The El Nino phenomenon is driven by warm surface water in the eastern Pacific Ocean and is associated with extreme droughts, storms and floods. "ENSO Neutral" periods are marked by ocean temperatures, tropical rainfall patterns and atmospheric winds near the long-term average.
"A number of El Nino-Southern Oscillation (ENSO) indicators suggest that the 2015-16 El Nino has peaked in recent weeks," the BOM said in a statement.
"Climate models suggest the 2015-16 El Nino will decline during the coming months, with a return to ENSO neutral likely during the second quarter of 2016."
The agency said that based on data since 1900, some 50 percent of El Ninos have been followed by a neutral year, while 40 percent have been followed by a La Nina, marked by extensive cooling of the central and eastern tropical Pacific Ocean.
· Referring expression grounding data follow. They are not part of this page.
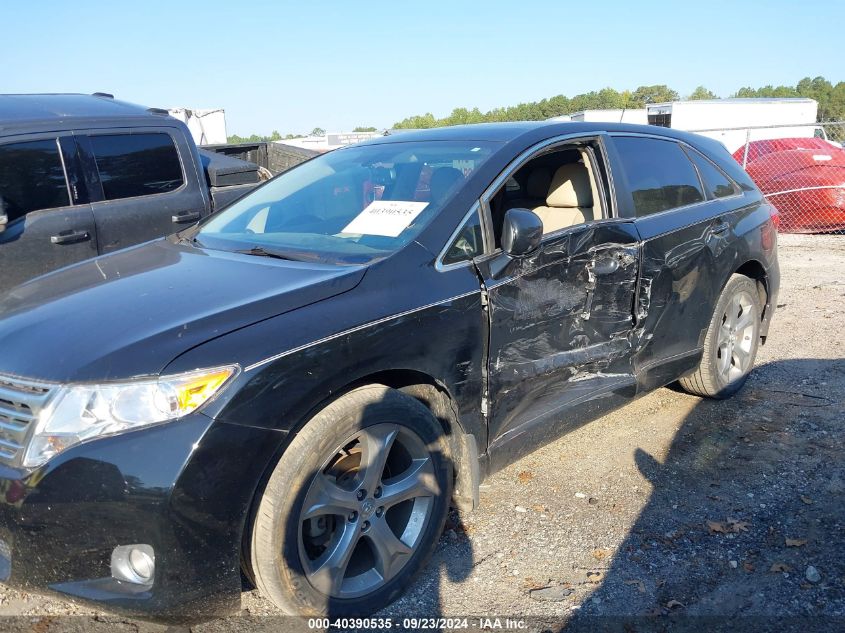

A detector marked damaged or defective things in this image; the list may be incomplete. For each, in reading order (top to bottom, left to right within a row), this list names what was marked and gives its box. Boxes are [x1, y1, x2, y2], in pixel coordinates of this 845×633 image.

damaged black suv [0, 122, 780, 616]
dented rear door [474, 220, 640, 466] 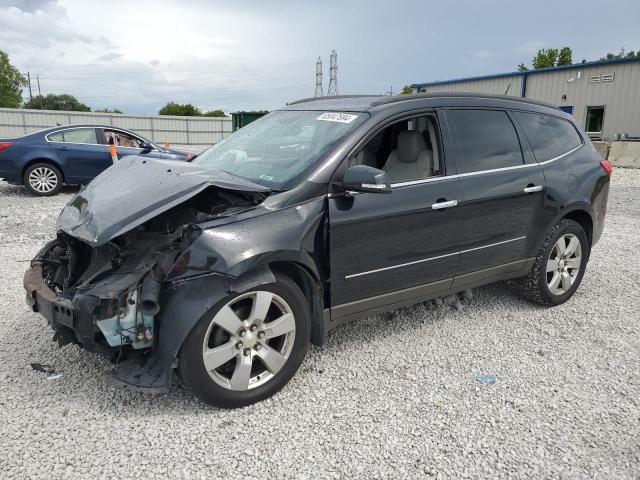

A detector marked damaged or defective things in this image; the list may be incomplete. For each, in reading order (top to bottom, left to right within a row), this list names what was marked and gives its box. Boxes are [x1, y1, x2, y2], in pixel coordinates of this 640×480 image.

shattered windshield [190, 110, 364, 189]
crumpled hood [56, 156, 268, 246]
damaged black suv [23, 94, 608, 408] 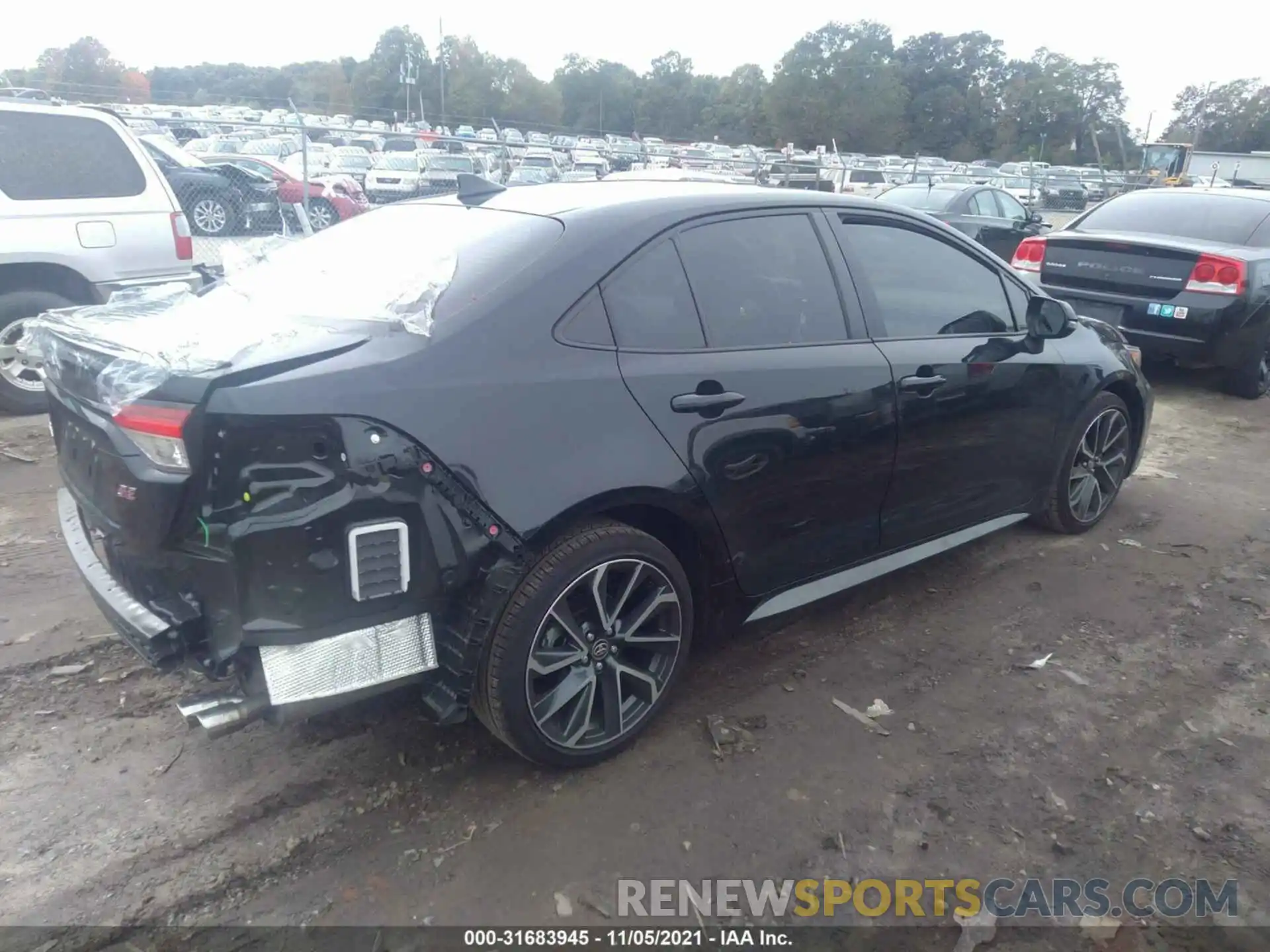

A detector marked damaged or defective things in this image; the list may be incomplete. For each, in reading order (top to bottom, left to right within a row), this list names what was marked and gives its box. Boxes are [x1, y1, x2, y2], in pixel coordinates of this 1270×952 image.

damaged rear end of car [32, 202, 558, 736] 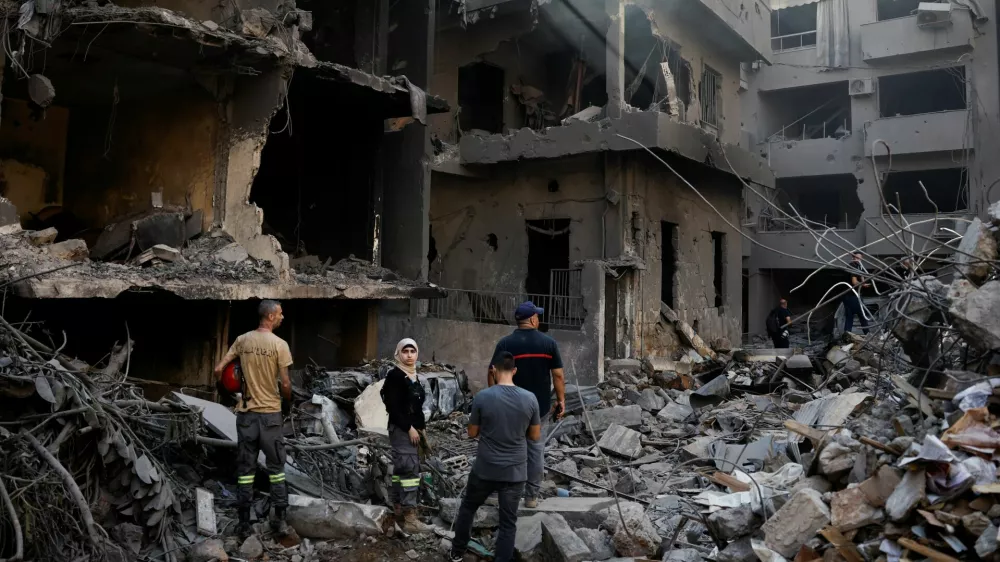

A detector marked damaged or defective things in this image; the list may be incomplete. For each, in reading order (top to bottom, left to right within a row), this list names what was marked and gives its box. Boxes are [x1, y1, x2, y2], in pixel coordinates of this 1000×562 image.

burnt interior room [768, 4, 816, 50]
broken window frame [768, 4, 816, 52]
burnt interior room [880, 0, 924, 20]
burnt interior room [620, 5, 692, 112]
burnt interior room [0, 23, 223, 249]
broken window frame [700, 64, 724, 128]
burnt interior room [760, 81, 848, 140]
burnt interior room [880, 67, 964, 117]
burnt building facade [0, 0, 446, 394]
damaged apartment block [0, 0, 448, 392]
burnt interior room [252, 71, 384, 262]
burnt building facade [378, 0, 776, 384]
damaged apartment block [386, 0, 776, 382]
burnt interior room [768, 174, 864, 229]
burnt interior room [884, 166, 968, 212]
broken wooden plank [704, 468, 752, 490]
broken wooden plank [195, 486, 217, 532]
broken wooden plank [824, 524, 864, 560]
broken wooden plank [900, 532, 960, 560] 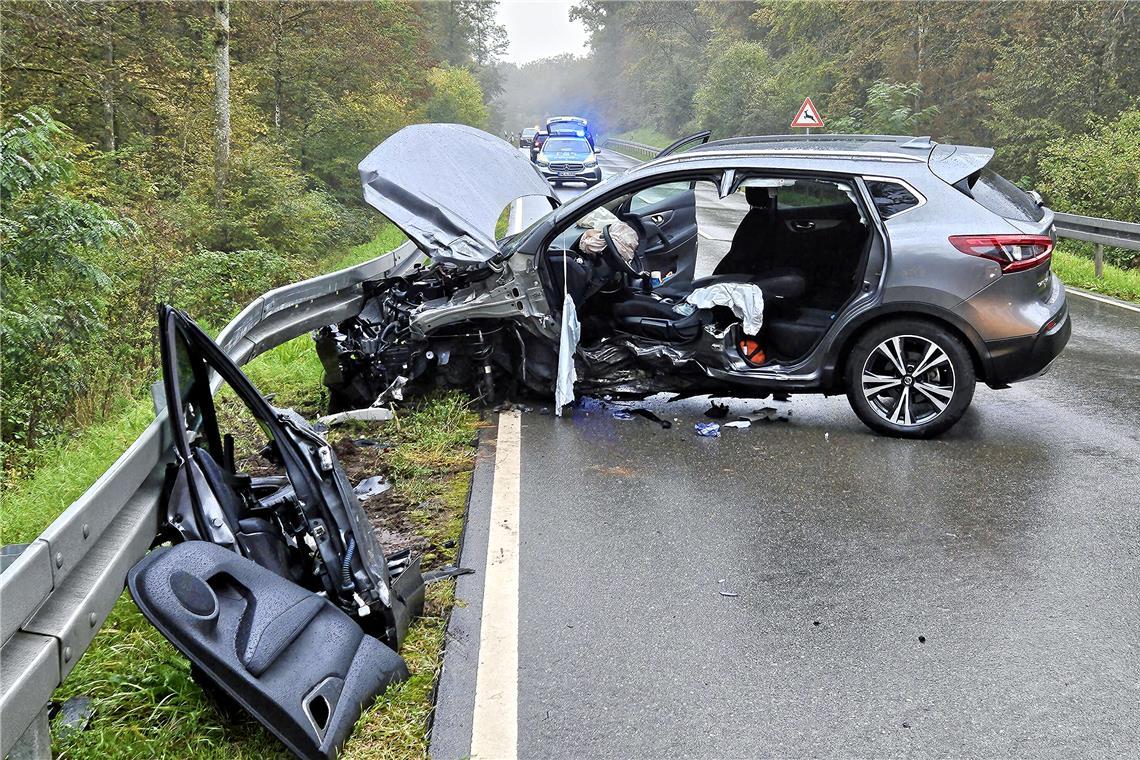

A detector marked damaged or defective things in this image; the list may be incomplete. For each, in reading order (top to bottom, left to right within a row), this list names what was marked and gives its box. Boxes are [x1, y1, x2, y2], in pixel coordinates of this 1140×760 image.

crumpled hood metal [353, 124, 554, 267]
crashed car body [319, 126, 1067, 439]
wrecked silver suv [319, 126, 1067, 439] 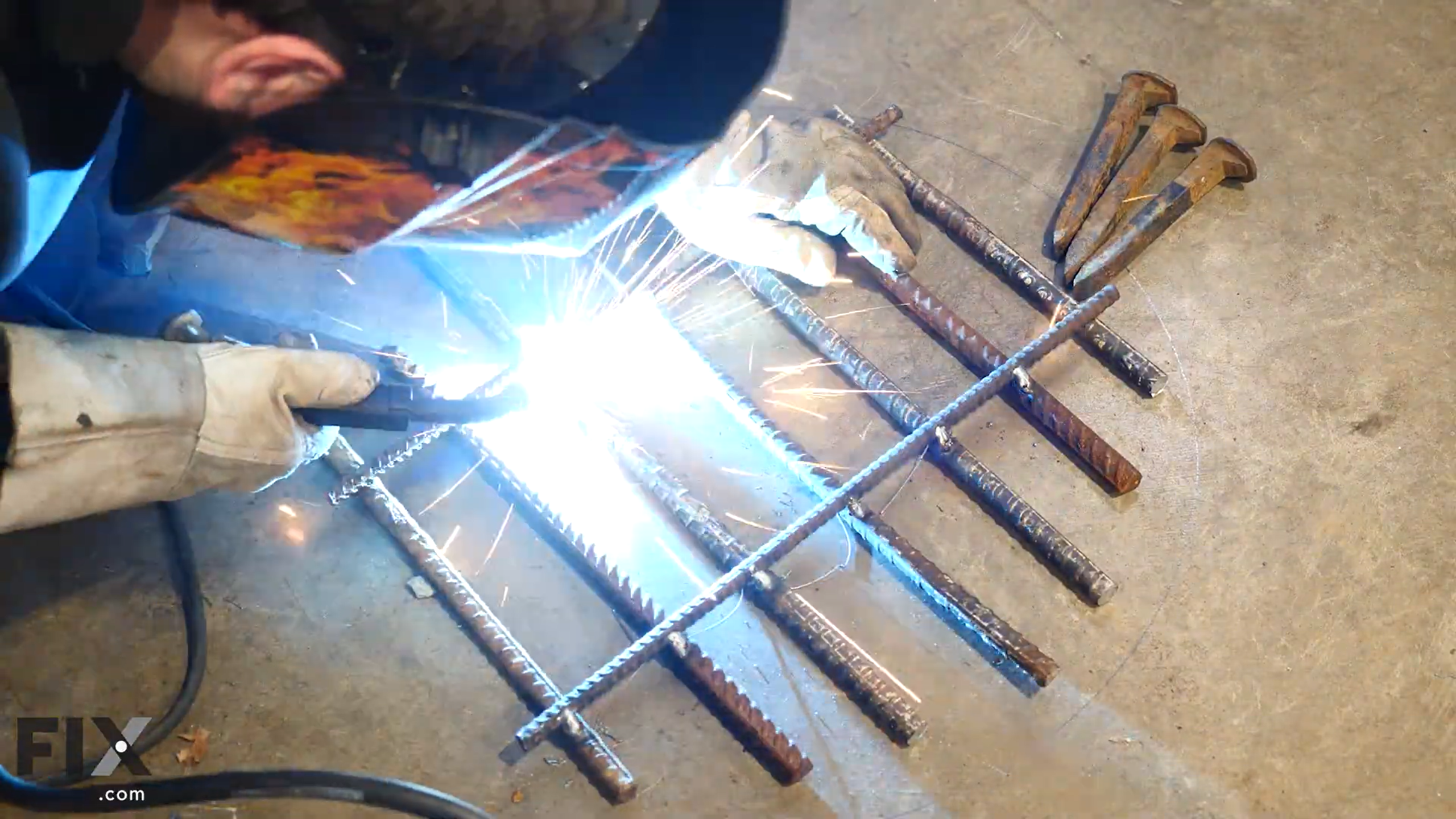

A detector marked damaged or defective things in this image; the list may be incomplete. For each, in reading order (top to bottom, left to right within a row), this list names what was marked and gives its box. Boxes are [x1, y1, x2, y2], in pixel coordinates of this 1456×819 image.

rusty rebar [324, 437, 638, 799]
rusty rebar [454, 428, 815, 775]
rusty rebar [609, 434, 926, 740]
rusty rebar [512, 284, 1112, 752]
rusty rebar [675, 338, 1065, 682]
rusty rebar [734, 265, 1118, 603]
rusty rebar [862, 265, 1135, 489]
rusty rebar [838, 107, 1165, 399]
rust stain on metal [838, 107, 1165, 399]
rust stain on metal [1054, 69, 1176, 256]
rust stain on metal [1060, 103, 1205, 283]
rust stain on metal [1077, 136, 1258, 300]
During the last major El Nino in 1997-98, heavy rains and flooding led to thousands of deaths, loss of crops and extensive damage to infrastructure in Ecuador, Peru and Bolivia.
In Indonesia and Malaysia, drought linked to the weather event had hit palm oil production and pushed prices higher.
In November, the World Meteorological Organisation said it expected the current El Nino to become one of the strongest on record, warning that the intensity of the event could be exacerbated by climate change.
While the UN weather agency did not predict when the El Nino would start to subside, it said the weather event normally reaches maximum strength between October and January, then persists through much of the first quarter.